PROBLEM REQUIREMENTS:
Whenever an image turns up, omit it and return the remaining data exactly.

DATA:
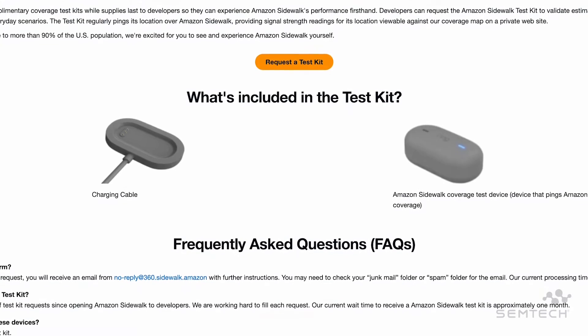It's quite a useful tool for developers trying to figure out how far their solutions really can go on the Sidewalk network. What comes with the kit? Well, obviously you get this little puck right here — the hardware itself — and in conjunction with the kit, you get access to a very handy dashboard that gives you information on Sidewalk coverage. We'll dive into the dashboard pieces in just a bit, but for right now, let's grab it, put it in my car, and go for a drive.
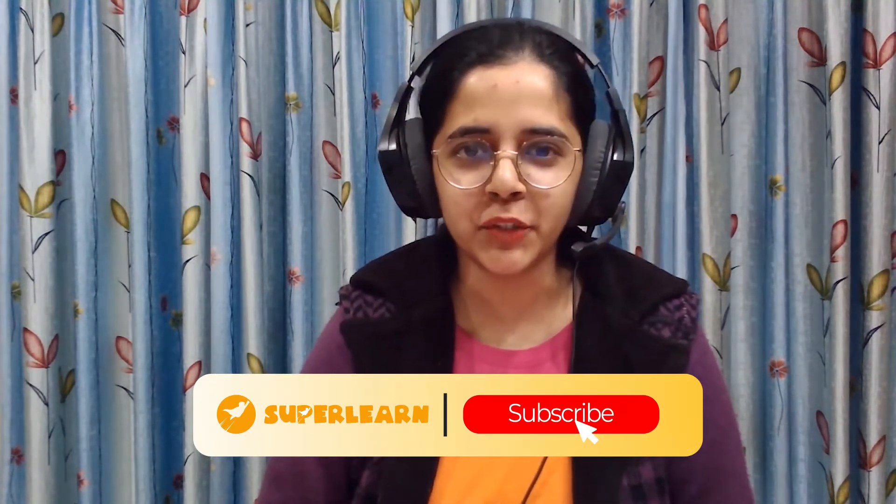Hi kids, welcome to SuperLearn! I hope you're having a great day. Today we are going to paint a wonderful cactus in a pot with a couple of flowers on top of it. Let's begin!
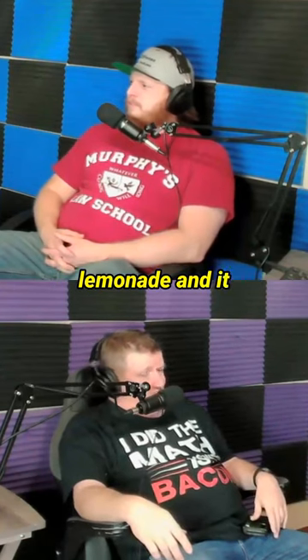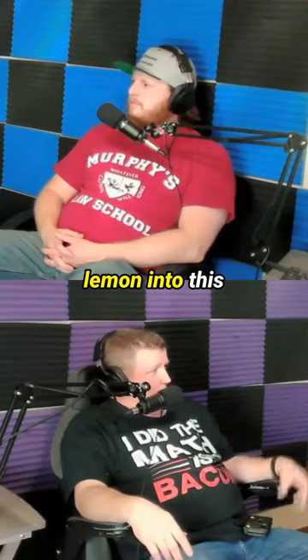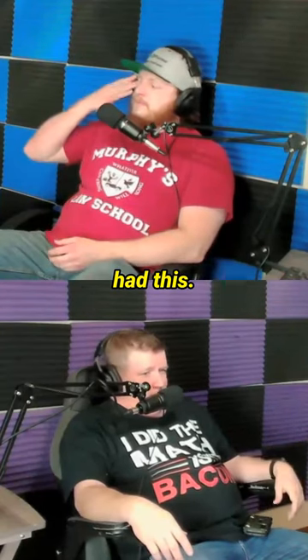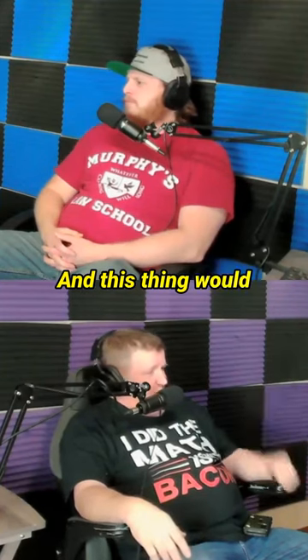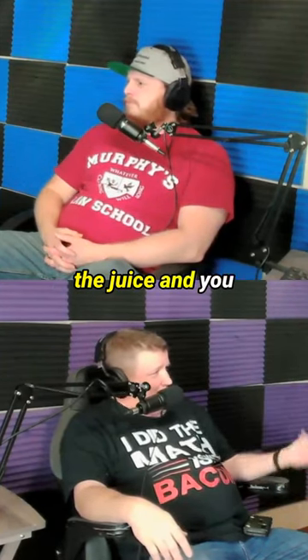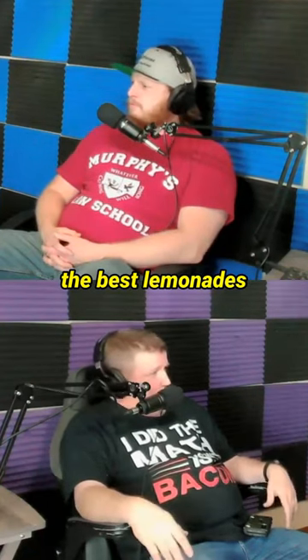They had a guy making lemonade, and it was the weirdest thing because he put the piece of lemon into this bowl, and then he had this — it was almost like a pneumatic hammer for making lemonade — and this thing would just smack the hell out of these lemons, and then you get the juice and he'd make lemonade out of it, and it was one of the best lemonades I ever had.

TASK ANSWER:
It's quite a useful tool for developers trying to figure out how far their solutions really can go on the Sidewalk network. What comes with the kit? Well, obviously you get this little puck right here — the hardware itself — and in conjunction with the kit, you get access to a very handy dashboard that gives you information on Sidewalk coverage. We'll dive into the dashboard pieces in just a bit, but for right now, let's grab it, put it in my car, and go for a drive.
Hi kids, welcome to SuperLearn! I hope you're having a great day. Today we are going to paint a wonderful cactus in a pot with a couple of flowers on top of it. Let's begin!
They had a guy making lemonade, and it was the weirdest thing because he put the piece of lemon into this bowl, and then he had this — it was almost like a pneumatic hammer for making lemonade — and this thing would just smack the hell out of these lemons, and then you get the juice and he'd make lemonade out of it, and it was one of the best lemonades I ever had.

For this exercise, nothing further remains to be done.